- Exercise objective -
Return the lines of the material below exactly, beginning with the line that has "716 Światło Obrysowe 716 W97.3 Waś" in it and finishing with the line that has "MT Helmet ATOM" in it. Leave all pictures aside.

Segment Start: Input records

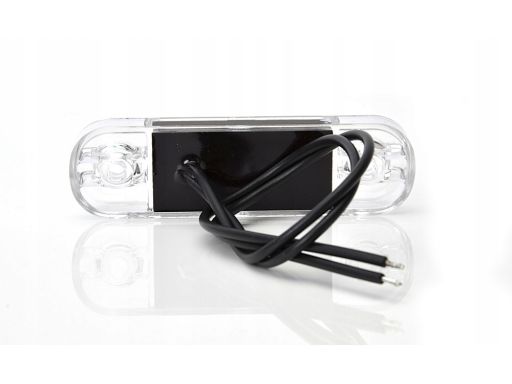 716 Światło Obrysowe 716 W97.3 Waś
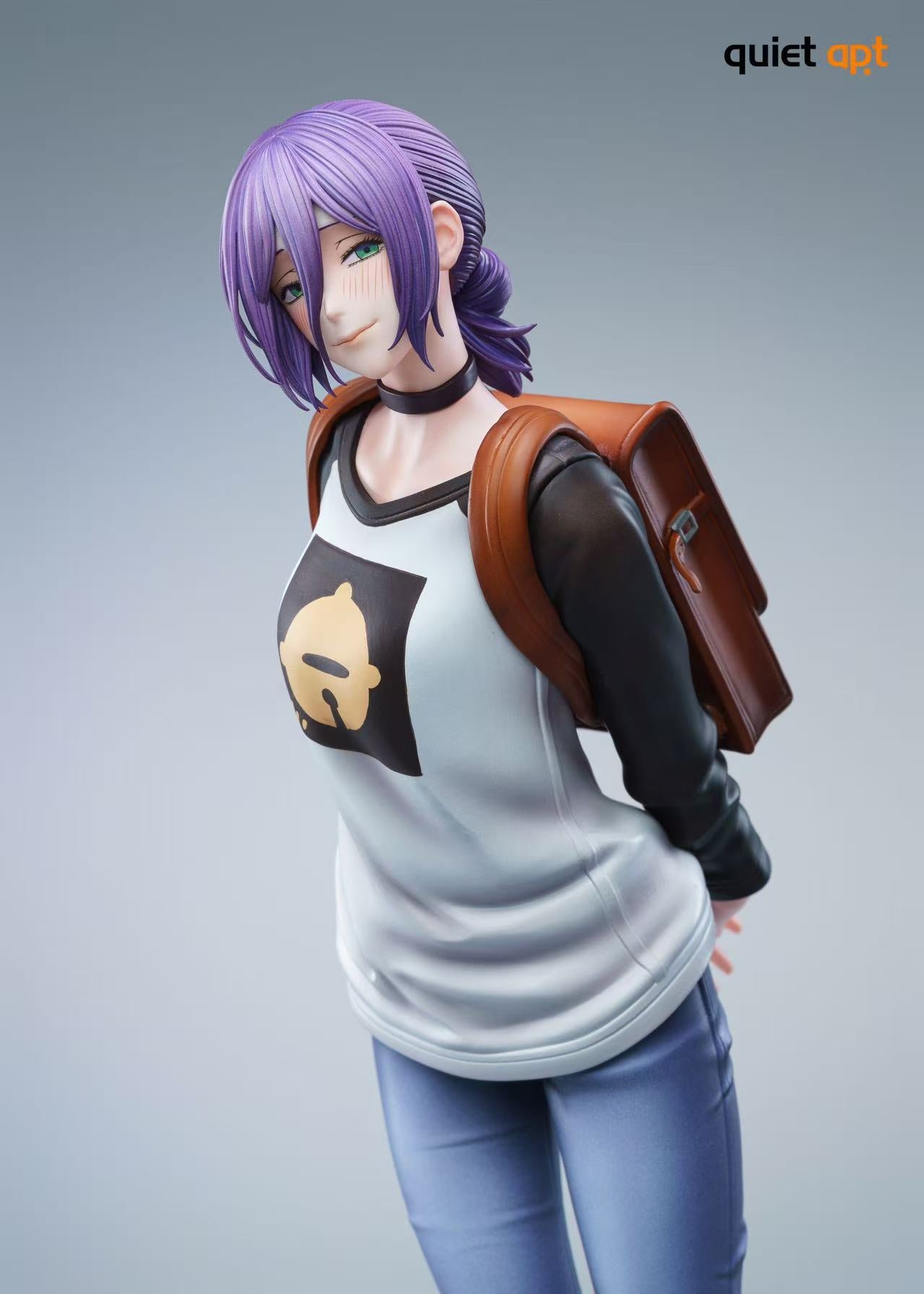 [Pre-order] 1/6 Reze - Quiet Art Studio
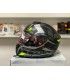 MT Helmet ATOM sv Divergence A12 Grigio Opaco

Segment End: Input records
Segment Start: Input records

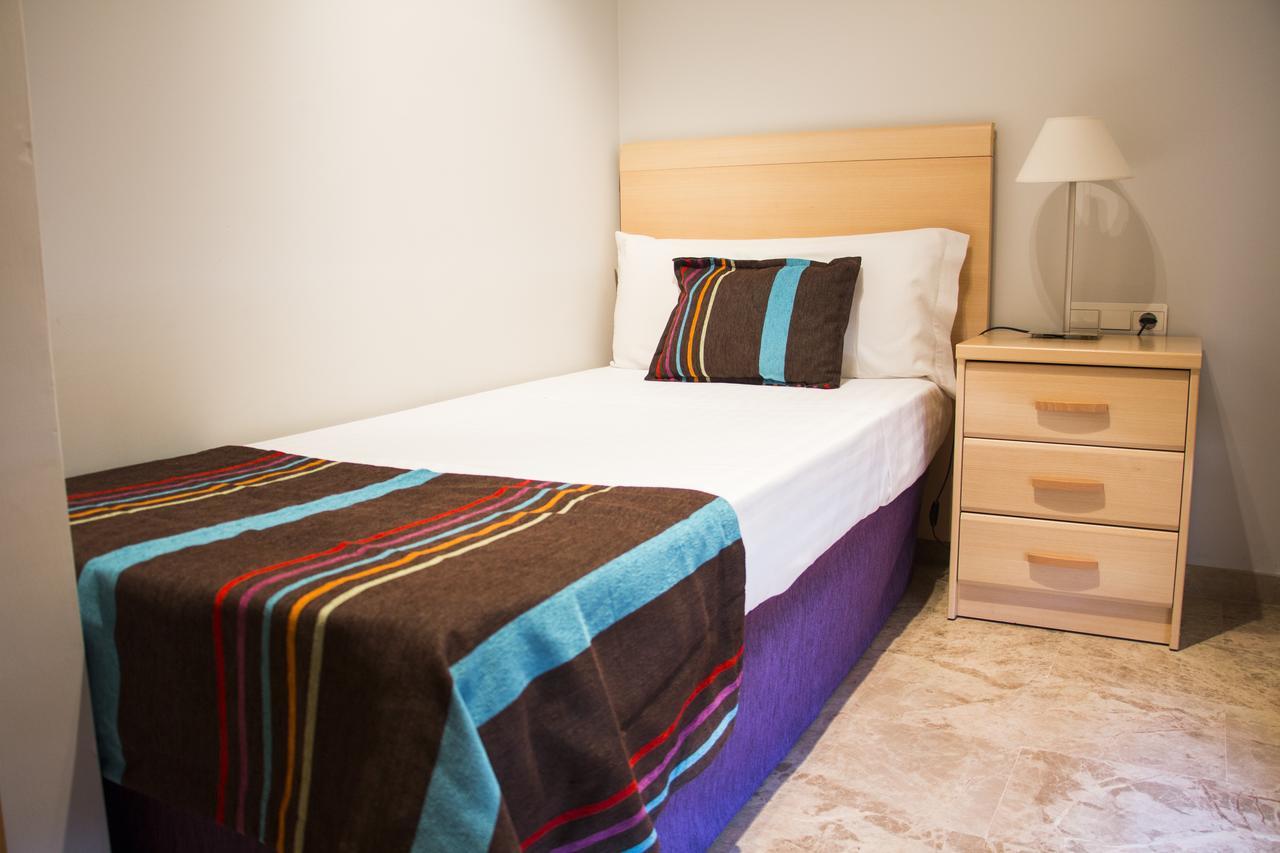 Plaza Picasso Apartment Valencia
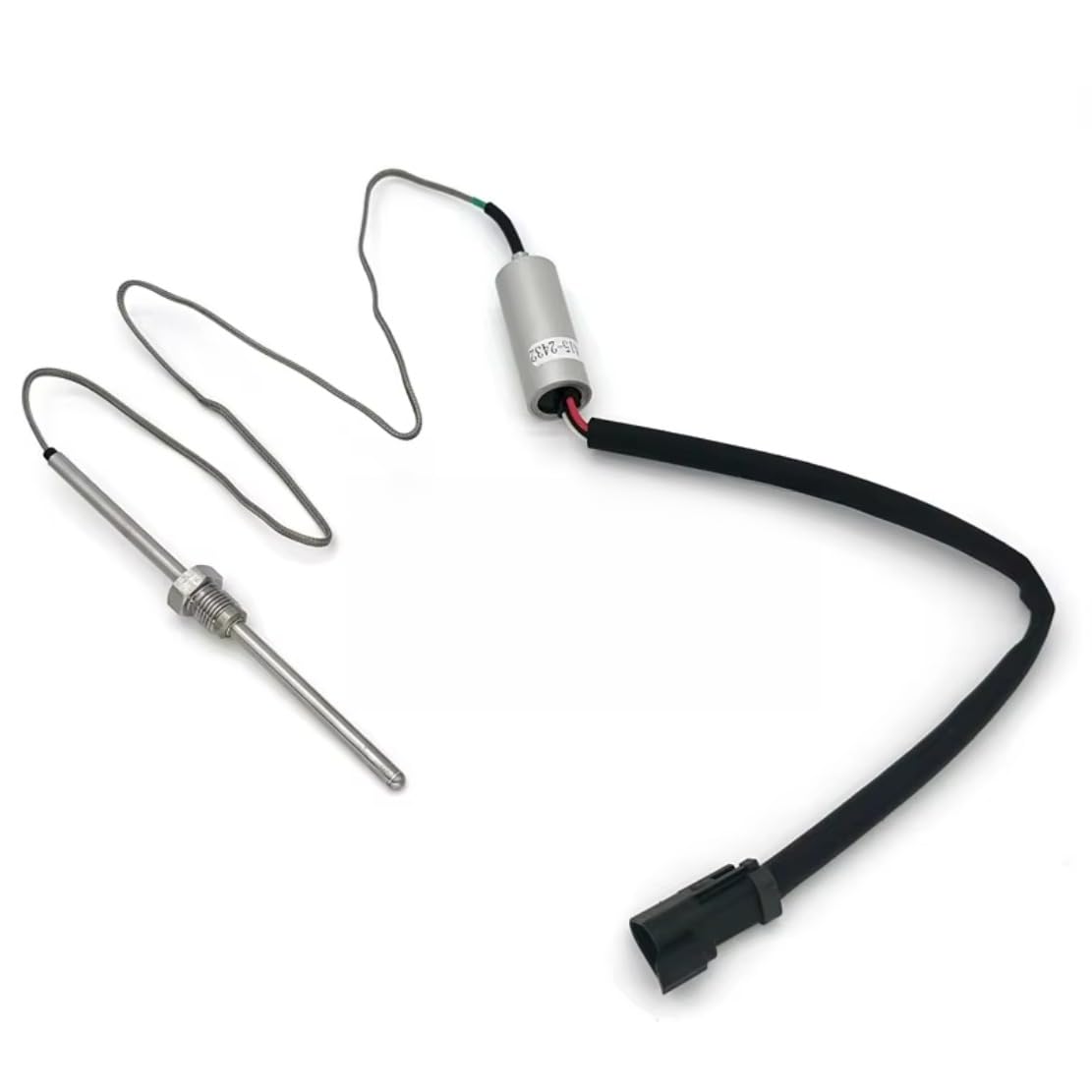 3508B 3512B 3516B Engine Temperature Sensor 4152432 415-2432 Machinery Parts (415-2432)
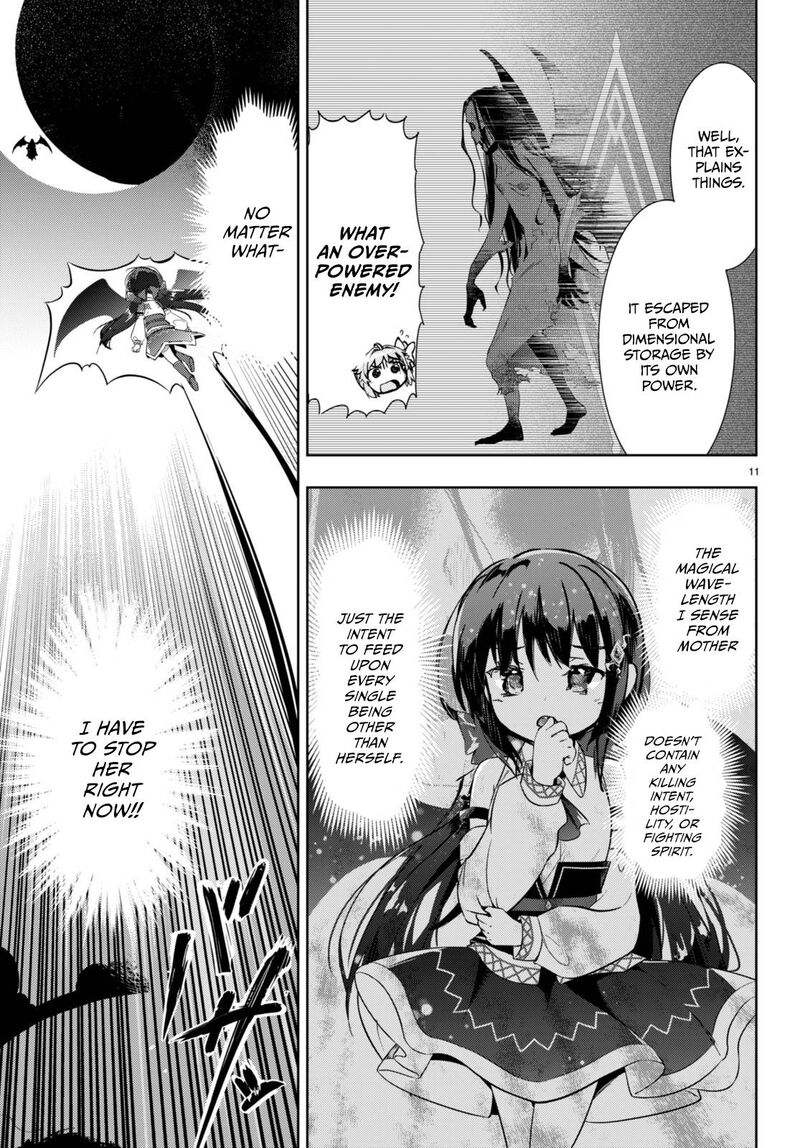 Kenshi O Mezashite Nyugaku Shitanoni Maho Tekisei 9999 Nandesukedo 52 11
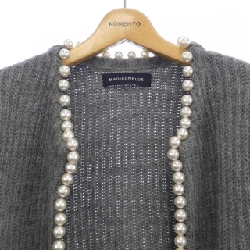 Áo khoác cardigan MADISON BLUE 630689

Segment End: Input records

- Response to this task -
 716 Światło Obrysowe 716 W97.3 Waś
 [Pre-order] 1/6 Reze - Quiet Art Studio
 MT Helmet ATOM sv Divergence A12 Grigio Opaco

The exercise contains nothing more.